Ce que nous répétons est une cacophonie de barbotements sonores qui n’a de signification dans aucun langage sauf peut-être celui des animaux de l’Arche de Noé. Après mille peines, elle réussit à nous faire décalquer les sons à peu près dans l’ordre. Mais, sortis de l’école, voici ce que nous répétons, deux par deux et face à face, en nous frappant mutuellement la poitrine avec un doigt.
                        Menez Poullou, Sten ar Meur
                        Lapin koton leun al leur …..

……Lorsque l’un d’entre nous est puni pour avoir fait entendre sa langue maternelle dans l’enceinte réservée au français, soit qu’il écope d’un verbe insolite ou irrégulier, soit qu’il vienne au piquet derrière le tableau après le départ de ses camarades, une autre punition  l’attend à la maison. Immanquablement. Le père ou la mère, qui quelquefois n’entend pas un mot de français, après lui avoir appliqué une sévère correction, lui reproche amèrement d’être la honte de la famille, assurant qu’il ne sera jamais bon qu’à garder les vaches, ce qui passe déjà pour infamant, par le temps qui court, auprès de ceux-là mêmes dont une part du travail est de s’occuper des vaches. Le mot vache d’ailleurs (buoc’h, en breton) est l’injure que l’on adresse aux pauvres d’esprit, aux imbéciles fieffés, à ceux qui n’apprennent rien de rien et dont la vie quotidienne est un chapelet de bêtises à faire rougir Jean Dix-sept lui-même. Il n’y a pas d’âne dans la région, il faut donc se rabattre sur un animal familier dont l’intelligence n’est pas réputée très vive?

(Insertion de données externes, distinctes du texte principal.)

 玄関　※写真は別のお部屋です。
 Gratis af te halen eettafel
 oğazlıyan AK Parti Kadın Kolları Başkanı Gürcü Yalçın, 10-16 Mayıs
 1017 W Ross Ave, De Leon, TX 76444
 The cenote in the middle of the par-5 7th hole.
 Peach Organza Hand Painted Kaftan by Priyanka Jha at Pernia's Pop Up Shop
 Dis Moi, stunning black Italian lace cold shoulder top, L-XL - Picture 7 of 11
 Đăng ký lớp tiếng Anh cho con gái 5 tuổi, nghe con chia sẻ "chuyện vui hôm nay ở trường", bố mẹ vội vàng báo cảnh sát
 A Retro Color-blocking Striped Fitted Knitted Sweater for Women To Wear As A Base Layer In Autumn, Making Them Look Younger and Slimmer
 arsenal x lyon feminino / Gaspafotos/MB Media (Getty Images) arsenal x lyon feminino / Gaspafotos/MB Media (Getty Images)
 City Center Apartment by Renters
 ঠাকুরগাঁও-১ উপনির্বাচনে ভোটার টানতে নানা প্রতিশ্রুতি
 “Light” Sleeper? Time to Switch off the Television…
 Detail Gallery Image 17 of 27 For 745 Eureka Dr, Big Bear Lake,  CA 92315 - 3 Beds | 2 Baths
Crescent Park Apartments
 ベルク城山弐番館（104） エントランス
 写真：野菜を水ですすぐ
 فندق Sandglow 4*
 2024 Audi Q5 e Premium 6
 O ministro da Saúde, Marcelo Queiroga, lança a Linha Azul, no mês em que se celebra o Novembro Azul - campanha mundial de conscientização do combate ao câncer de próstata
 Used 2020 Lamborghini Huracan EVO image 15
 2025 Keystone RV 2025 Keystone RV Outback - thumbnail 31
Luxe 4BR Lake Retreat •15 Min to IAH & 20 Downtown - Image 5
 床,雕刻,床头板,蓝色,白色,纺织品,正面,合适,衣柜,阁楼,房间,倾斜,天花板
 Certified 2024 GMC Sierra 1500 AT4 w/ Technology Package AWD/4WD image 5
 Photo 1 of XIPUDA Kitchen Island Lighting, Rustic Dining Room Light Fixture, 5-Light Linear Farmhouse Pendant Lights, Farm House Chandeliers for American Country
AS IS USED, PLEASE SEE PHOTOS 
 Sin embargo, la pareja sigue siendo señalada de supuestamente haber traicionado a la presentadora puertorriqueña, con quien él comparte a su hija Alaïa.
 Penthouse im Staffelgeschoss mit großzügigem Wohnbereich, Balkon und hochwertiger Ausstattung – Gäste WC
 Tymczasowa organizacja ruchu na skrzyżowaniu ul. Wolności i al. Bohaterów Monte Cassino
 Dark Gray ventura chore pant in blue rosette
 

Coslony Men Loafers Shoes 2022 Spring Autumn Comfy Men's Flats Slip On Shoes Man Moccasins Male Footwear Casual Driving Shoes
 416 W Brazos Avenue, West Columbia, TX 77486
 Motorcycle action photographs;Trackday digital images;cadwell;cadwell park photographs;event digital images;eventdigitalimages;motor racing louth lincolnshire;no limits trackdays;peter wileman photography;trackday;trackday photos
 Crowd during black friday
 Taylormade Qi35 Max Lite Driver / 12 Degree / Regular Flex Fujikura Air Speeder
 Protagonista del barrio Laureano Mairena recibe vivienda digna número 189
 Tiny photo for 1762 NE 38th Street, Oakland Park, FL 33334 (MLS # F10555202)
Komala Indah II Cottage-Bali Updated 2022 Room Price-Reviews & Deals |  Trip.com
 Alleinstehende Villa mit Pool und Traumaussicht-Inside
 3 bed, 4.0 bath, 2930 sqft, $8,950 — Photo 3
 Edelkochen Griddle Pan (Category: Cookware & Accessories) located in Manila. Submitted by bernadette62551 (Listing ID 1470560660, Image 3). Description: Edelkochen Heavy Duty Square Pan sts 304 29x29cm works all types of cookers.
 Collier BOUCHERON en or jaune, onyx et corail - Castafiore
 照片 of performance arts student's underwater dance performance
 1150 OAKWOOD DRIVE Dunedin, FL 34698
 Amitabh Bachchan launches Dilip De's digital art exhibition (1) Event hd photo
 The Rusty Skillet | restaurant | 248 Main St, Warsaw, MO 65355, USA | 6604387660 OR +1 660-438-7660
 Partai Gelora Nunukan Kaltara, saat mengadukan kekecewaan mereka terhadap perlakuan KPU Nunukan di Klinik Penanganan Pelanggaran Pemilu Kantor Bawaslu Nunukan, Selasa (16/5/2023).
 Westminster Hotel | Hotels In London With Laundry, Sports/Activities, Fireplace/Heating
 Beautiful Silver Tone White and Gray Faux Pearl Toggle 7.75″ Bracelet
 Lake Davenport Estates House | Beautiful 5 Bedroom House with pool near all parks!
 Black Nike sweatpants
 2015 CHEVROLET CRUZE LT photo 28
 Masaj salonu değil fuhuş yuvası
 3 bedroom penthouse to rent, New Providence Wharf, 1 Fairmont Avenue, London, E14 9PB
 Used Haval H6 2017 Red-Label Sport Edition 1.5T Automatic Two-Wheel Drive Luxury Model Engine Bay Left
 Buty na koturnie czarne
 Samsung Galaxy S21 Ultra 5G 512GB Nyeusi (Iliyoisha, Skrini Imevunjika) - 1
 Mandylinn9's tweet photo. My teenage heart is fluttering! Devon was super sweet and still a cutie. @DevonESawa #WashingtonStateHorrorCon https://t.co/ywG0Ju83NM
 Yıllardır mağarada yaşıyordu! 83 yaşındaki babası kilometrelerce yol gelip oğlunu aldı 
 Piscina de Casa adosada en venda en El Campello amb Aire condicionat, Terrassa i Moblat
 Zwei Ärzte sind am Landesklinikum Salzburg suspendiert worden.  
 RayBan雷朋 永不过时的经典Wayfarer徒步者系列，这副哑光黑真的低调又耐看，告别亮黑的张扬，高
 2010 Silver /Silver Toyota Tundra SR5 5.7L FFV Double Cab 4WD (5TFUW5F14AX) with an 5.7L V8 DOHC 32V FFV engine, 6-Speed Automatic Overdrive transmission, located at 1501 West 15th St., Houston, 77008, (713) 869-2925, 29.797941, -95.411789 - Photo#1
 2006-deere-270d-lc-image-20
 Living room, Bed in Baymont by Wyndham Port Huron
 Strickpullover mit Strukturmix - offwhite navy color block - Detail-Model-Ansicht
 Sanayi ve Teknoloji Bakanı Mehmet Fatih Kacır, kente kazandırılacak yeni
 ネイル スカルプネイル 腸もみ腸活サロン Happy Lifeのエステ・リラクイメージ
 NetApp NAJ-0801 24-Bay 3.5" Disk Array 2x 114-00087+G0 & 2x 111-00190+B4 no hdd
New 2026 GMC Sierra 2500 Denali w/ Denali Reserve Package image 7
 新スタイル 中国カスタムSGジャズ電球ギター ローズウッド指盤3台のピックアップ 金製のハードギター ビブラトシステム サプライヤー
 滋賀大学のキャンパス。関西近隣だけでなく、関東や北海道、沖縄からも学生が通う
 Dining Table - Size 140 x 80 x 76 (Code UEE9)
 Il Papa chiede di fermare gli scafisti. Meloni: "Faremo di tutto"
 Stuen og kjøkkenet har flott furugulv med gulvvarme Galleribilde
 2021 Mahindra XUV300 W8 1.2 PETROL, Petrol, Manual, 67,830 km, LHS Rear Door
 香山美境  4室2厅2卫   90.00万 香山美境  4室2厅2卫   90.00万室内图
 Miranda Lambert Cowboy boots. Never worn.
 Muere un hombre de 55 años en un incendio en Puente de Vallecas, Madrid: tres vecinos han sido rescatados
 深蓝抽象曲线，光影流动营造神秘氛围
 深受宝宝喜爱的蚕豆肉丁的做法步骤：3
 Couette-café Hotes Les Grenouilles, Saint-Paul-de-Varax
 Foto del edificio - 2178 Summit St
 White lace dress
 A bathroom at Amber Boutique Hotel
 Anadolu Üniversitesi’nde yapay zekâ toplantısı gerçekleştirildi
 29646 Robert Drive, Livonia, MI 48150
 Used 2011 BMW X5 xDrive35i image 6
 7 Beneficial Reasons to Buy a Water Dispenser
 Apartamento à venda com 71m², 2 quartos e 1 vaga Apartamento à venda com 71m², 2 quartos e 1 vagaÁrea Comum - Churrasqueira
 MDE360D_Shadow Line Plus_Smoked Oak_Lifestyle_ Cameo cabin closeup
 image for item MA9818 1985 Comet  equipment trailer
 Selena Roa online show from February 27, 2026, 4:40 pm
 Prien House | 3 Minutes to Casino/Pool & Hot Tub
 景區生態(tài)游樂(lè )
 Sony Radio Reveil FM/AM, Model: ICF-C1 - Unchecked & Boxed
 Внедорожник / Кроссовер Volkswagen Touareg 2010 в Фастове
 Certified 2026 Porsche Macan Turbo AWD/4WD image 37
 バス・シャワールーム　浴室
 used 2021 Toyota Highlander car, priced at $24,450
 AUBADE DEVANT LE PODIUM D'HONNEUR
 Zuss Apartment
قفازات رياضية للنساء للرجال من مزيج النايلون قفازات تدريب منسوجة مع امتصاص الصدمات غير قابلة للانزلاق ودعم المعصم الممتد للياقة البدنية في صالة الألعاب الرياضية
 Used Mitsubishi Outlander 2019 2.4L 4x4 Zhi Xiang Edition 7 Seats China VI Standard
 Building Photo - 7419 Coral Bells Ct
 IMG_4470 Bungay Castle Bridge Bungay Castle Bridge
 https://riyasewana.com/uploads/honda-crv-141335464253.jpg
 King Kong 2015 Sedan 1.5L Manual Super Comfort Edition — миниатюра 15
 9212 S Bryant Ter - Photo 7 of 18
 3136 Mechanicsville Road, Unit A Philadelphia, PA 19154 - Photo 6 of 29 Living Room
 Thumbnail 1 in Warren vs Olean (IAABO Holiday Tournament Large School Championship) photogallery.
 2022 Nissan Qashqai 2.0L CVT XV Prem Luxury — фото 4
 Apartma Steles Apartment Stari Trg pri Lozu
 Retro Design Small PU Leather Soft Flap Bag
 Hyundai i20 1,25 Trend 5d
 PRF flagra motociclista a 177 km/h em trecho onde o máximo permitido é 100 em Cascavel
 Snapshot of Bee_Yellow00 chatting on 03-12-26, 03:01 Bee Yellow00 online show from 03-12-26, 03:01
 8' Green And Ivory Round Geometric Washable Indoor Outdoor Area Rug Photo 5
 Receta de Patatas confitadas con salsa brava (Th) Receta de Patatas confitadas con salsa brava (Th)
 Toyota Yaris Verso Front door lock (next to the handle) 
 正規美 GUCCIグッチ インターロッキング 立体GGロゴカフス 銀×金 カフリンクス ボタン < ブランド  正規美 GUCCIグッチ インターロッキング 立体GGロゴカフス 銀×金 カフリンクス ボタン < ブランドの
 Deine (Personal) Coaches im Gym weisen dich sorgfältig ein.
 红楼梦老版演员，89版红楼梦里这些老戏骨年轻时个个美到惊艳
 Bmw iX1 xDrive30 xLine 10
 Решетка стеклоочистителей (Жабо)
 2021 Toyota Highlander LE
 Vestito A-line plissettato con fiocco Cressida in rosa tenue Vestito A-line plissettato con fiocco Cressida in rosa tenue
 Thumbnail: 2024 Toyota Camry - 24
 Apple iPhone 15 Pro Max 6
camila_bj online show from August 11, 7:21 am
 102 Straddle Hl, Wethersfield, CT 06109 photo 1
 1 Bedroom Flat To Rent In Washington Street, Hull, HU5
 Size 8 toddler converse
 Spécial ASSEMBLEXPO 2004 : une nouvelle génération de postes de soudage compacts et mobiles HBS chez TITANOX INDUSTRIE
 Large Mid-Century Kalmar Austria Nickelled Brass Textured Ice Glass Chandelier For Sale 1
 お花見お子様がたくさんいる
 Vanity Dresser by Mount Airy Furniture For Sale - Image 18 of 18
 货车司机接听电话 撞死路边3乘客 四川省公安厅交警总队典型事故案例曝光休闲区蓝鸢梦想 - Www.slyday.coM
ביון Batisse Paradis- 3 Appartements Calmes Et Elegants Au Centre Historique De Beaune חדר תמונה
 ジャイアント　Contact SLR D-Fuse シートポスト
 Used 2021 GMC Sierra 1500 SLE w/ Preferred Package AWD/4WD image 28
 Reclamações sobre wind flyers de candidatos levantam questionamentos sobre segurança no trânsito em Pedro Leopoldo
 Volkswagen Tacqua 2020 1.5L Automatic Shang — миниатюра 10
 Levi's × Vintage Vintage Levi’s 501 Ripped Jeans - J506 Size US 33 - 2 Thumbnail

Les longues cornes valent bien les longues oreilles.
Est-ce pour cela que la punition infligée, dans tout le pays bretonnant, aux écoliers surpris à parler breton s’appelle « la vache »  ! …….
Extraits de « Le cheval d’orgueil» - de Per-Jakez Helias


Je ne peux que vous conseiller de lire tous ses livres de souvenirs.
Il y a en bien d’autres  tels ceux de Michel Jeury, Yvon Collin, Colette bien évidemment, libre et féministe avant l’heure, qui est toujours d’actualité tellement ses idées étaient modernes pour son époque.